Klima-Daumenschraube statt Klimakatastrophe

In Medienberichten zur Klimakrise wird häufig die Klimakatastrophe, der Klimakollaps oder sogar die existenzielle Bedrohung der Menschheit heraufbeschworen. Für derart plakativ schwarzmalende Prognosen gibt es aber weder wissenschaftliche Belege noch sind sie plausibel.

Denn eine globale Klimakatastrophe oder gar das Ende der menschlichen Zivilisation geschähe nicht plötzlich, sondern würde sich lange vorher abzeichnen. Als Folge entstände weltweit bei immer mehr Menschen, insbesondere jüngeren, eine wachsende Verunsicherung bis hin zur Zukunftsangst.

Welche politische Reaktion wäre wahrscheinlich, wenn die menschliche Zivilisation immer offensichtlicher auf einen Klimakollaps zusteuert?

Ähnlich wie bei der Rettung des Euro im Jahr 2012 durch die Europäische Zentralbank unternähme bei einer heraufziehenden Klimakatastrophe die internationale Staatengemeinschaft vermutlich ebenso „alles Notwendige“, um diese Bedrohung abzuwenden – gemäß den drei legendären Draghi-Worten „whatever it takes“.

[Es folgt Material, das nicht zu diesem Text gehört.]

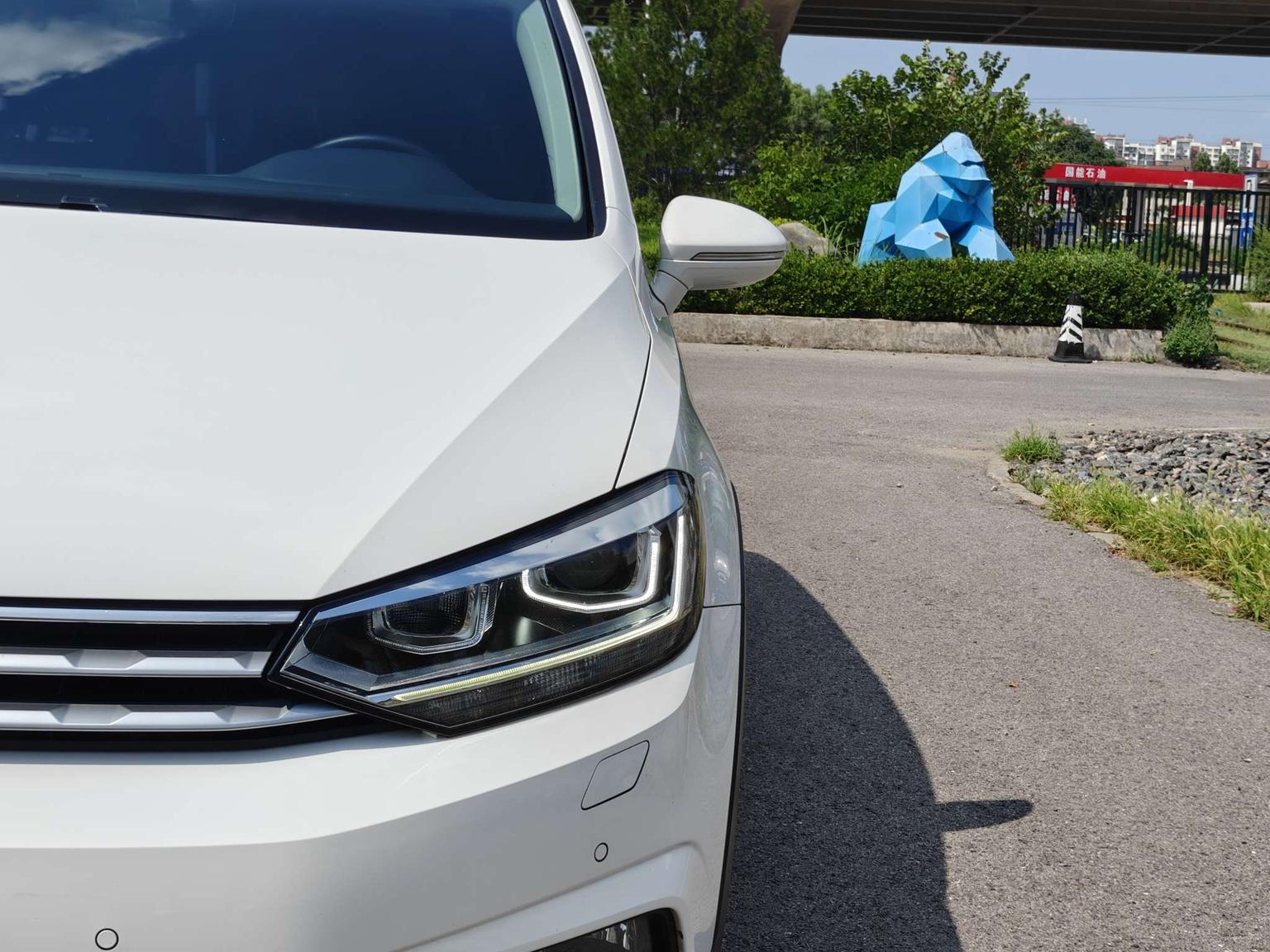 Volkswagen Touran L 2021 280TSI DSG 7 seat
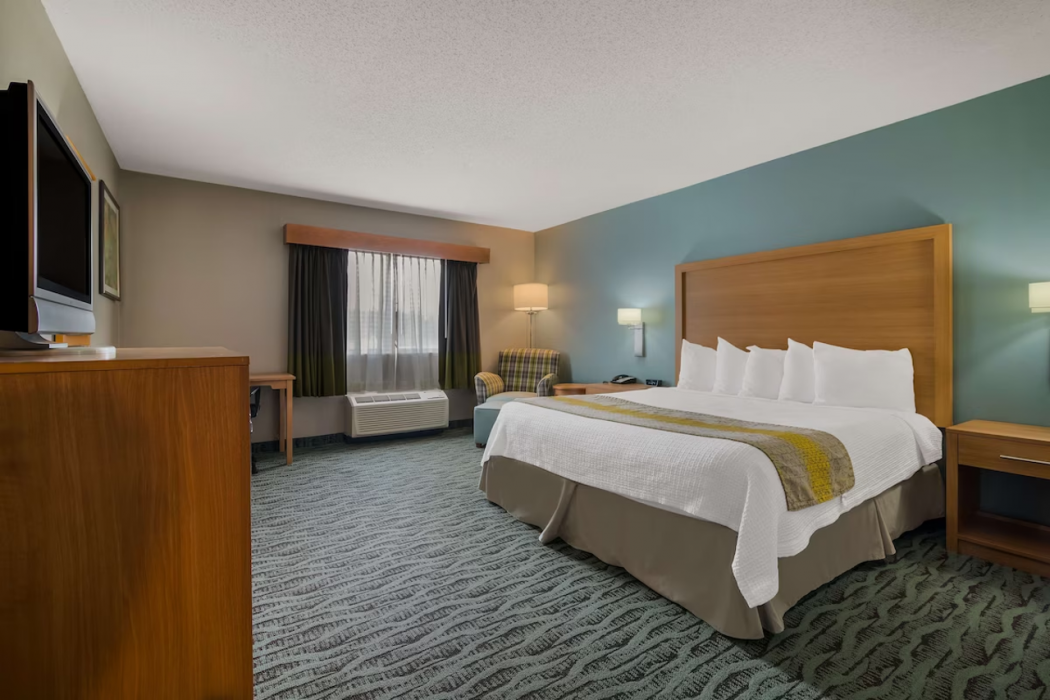 Best Western Plus Executive Court Inn & Conference Center 18/73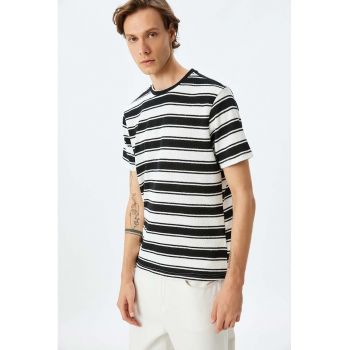 Tricou cu model in dungi
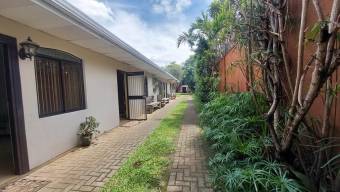 Se vende espaciosa propiedad para inversión en San Juan de Santa Barbara 25-1980, $ 990,000, 11, Heredia, Santa Bárbara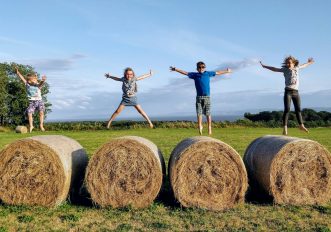 attività all'aria aperta per famiglie in Lombardia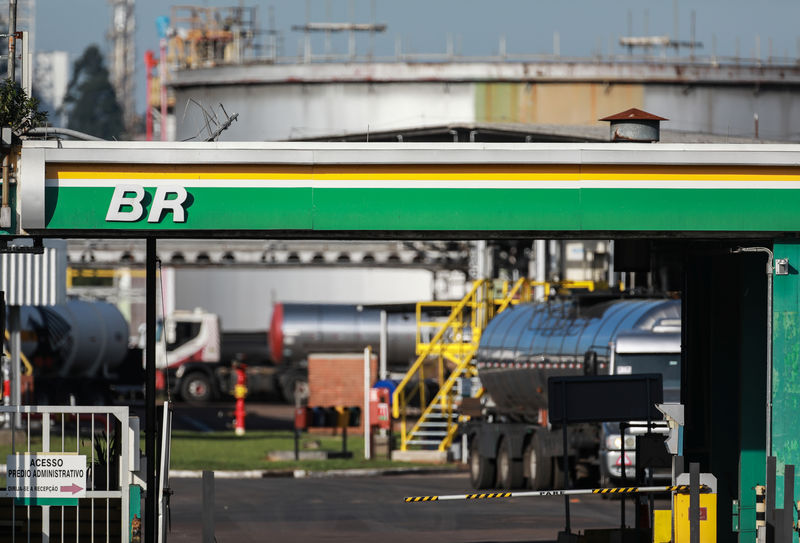 Preço de mercado da Petrobras traz garantia para venda de refinarias, diz diretora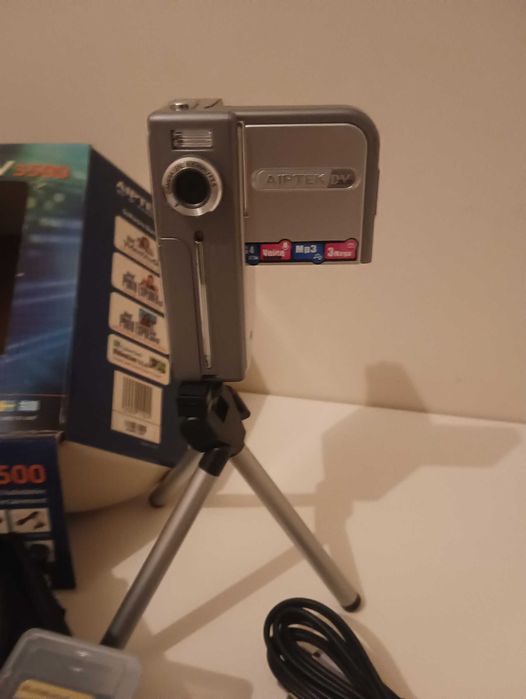 Aiptek Pocket DV 3500 câmara digital compacta multifuncional anos 2000
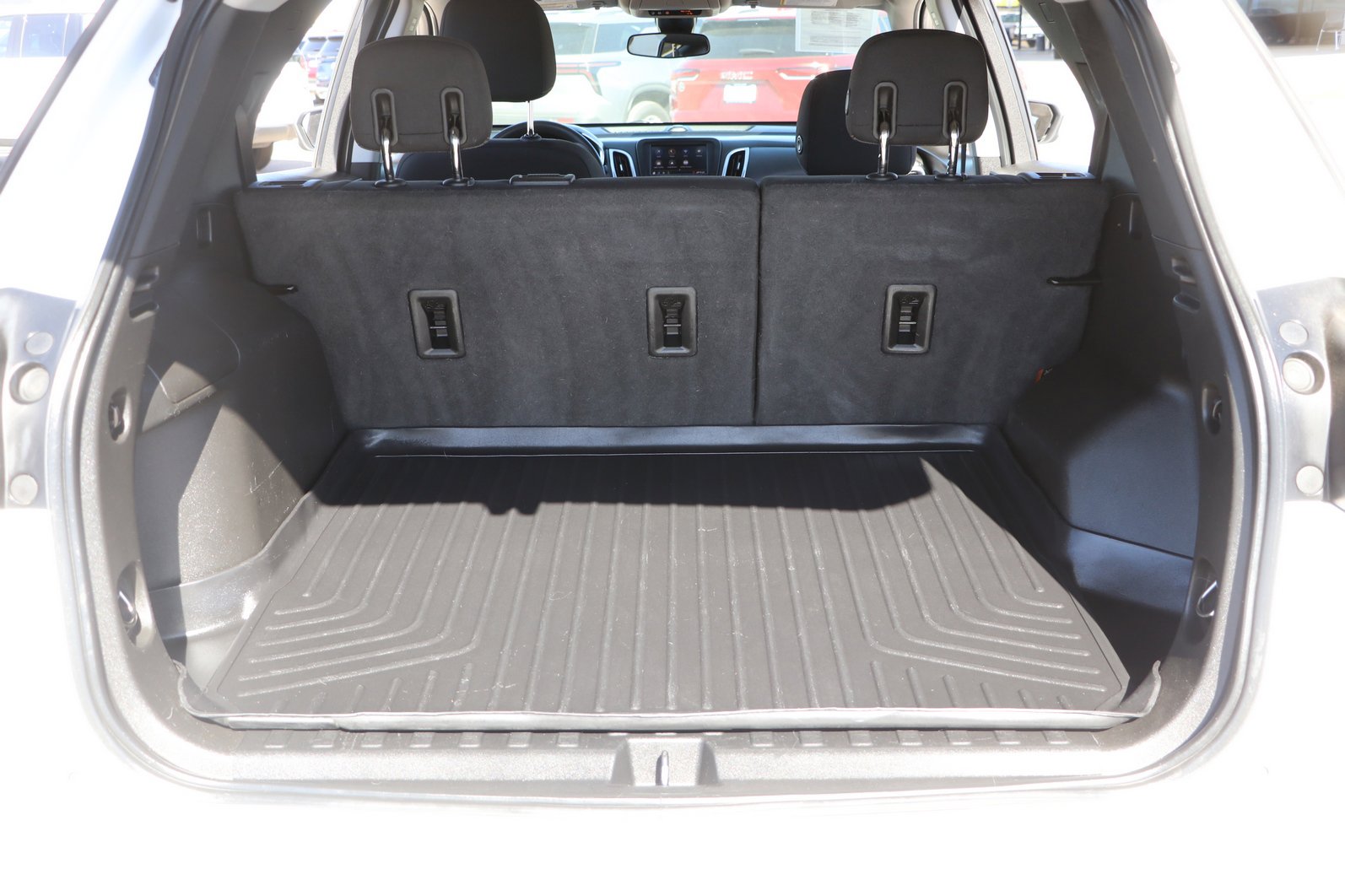 Used 2020 Chevrolet Equinox LT FWD image 29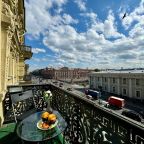 Восьмиместный (Квартира с балконом на Невский проспект), Апартаменты SivakApart на Невском 66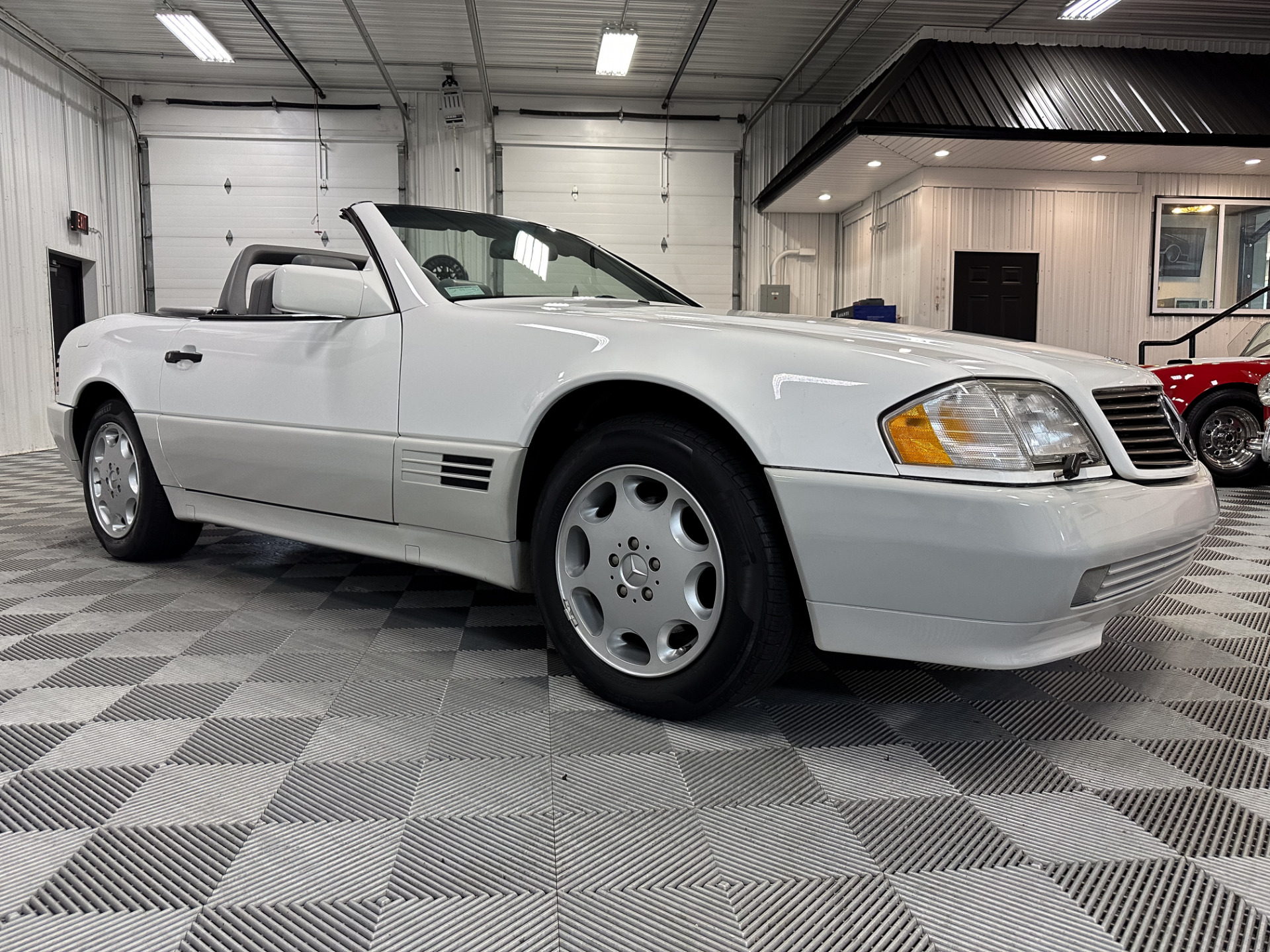 1995 Mercedes-Benz SL-Class 32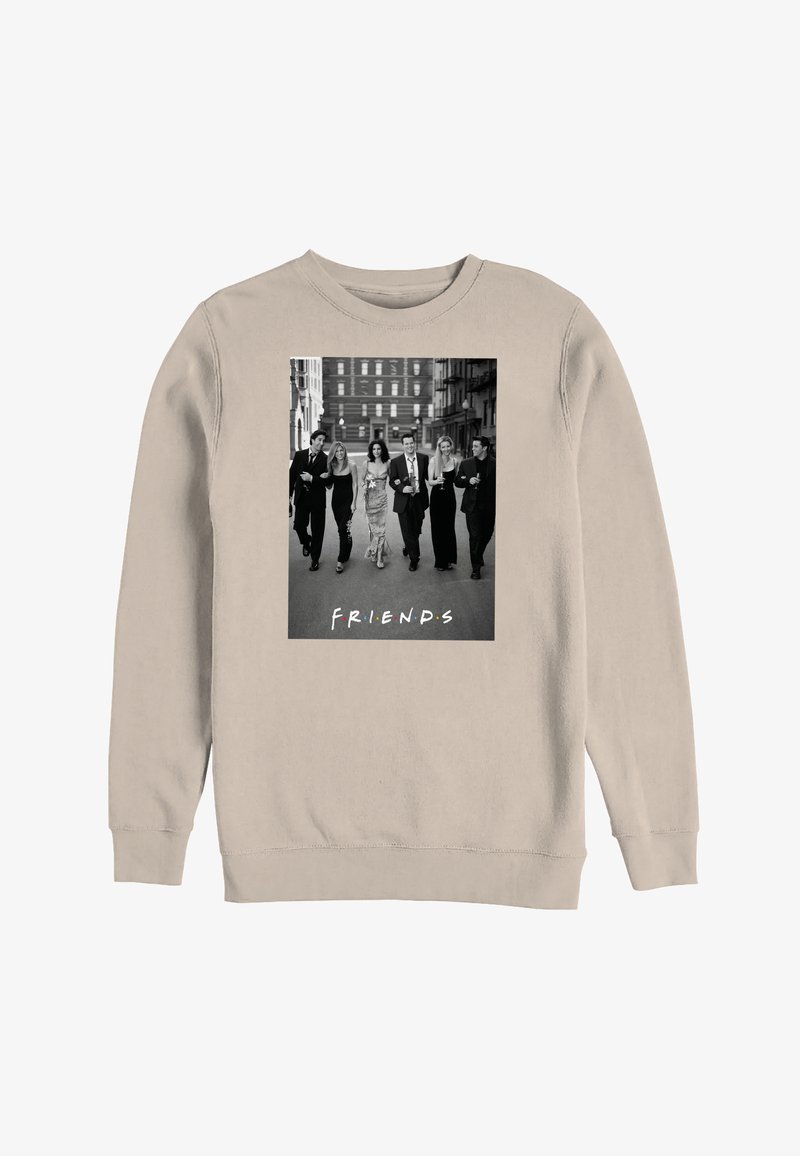 Sweat-shirt beige présentant six personnes vêtues de manière formelle marchant dans une rue de la ville avec le texte "FRIENDS" en dessous, dans une police stylisée.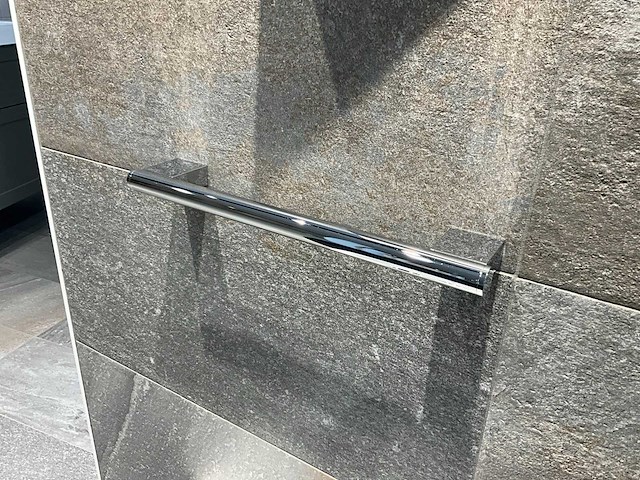 Emco - system 2 - handdoekrek 35 cm - afbeelding 2 van  6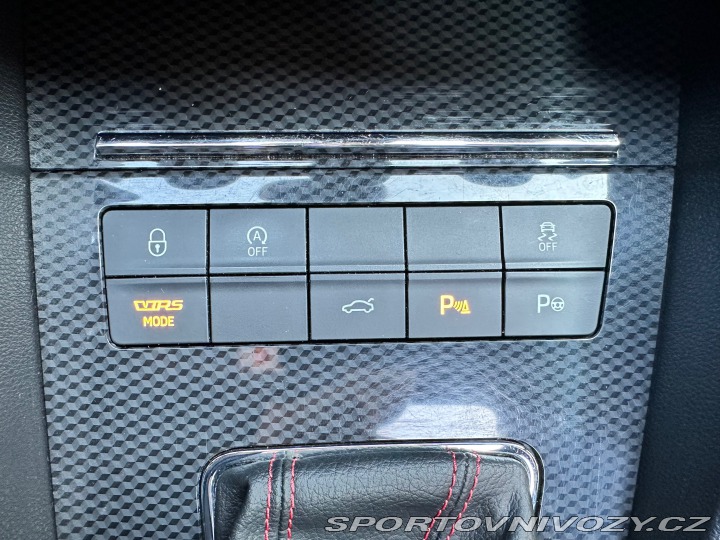 Škoda Octavia RS Combi 2.0 DSG 162 kW 2014
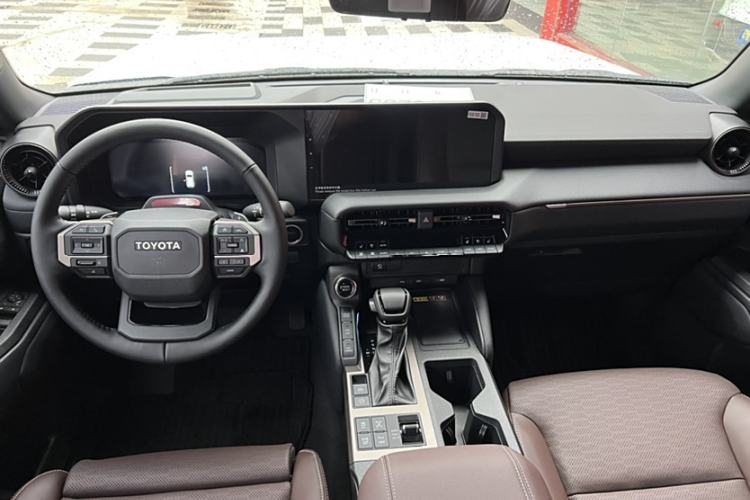 Used Toyota Prado 2025 2.4T Wilderness WX Edition 5 Seats Interior 2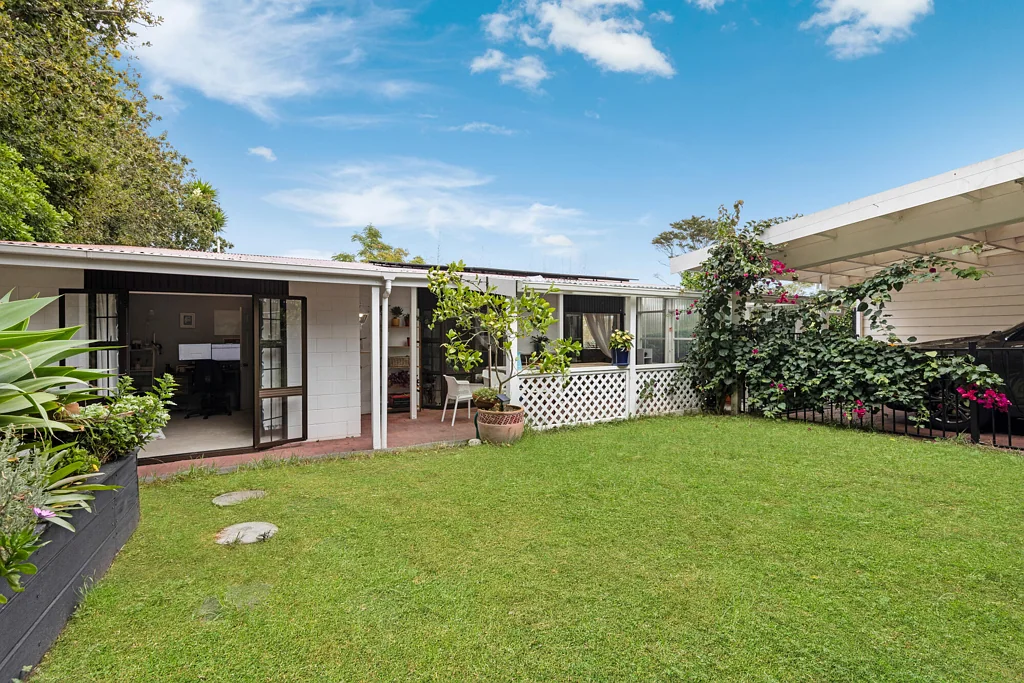 2/84 West Coast Road, Glen Eden, Waitakere City, Auckland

Im Mittelpunkt könnte dabei das sogenannte „Solar Geoengineering“ stehen. Damit bezeichnen Klimaforscher*innen Eingriffe in die Erdatmosphäre, die die Sonneneinstrahlung reduzieren und so einen Abkühlungseffekt bewirken.

Alle Klimafachleute bewerten „Solar Geoengineering“ wegen unvorhersehbarer Nebenwirkungen auf die Ökosysteme der Erde und das regionale Wettergeschehen als äußerst riskant. Manche fordern wegen des beschleunigten Klimawandels mehr Forschung darüber. Andere finden, am Weltklima zu schrauben, sei geradezu verrückt.

Vorläufig dürfte „Solar Geoengineering“ eine sehr umstrittene Idee bleiben, denn nichts  deutet darauf hin, dass dem Planet Erde in Sachen Erwärmung eine Katastrophe bevorsteht. Solange die Menschheit wie gewohnt Treibhausgase emittiert und keine Klimakipppunkte überschritten werden, wird sich die Klimakrise lediglich immer weiter verschärfen – was dramatisch genug ist.

Denn Extremwetterereignisse wie etwa Hitzewellen, Dürren, Hagelschläge und Starkregen mit Überschwemmungen treten immer häufiger und kraftvoller auf. Für die davon betroffenen Menschen bedeutet das mindestens Erschwernisse im Lebensalltag, oft aber auch Leid und materielle Schäden bis hin zum Verlust ihrer Lebensgrundlagen und in Extremfällen ihres Lebens.

Die sich verschärfenden Wetterextreme führen außerdem zu immer größeren volkswirtschaftlichen Verlusten, zum Beispiel durch Missernten, Flutkatastrophen und Naturschäden. Hinzu kommen immer höhere Kosten für Anpassungsmaßnahmen an die globale Erwärmung wie etwa höhere Deiche wegen des ansteigenden Meeresspiegels oder Schutzmaßnahmen gegen Waldbrände.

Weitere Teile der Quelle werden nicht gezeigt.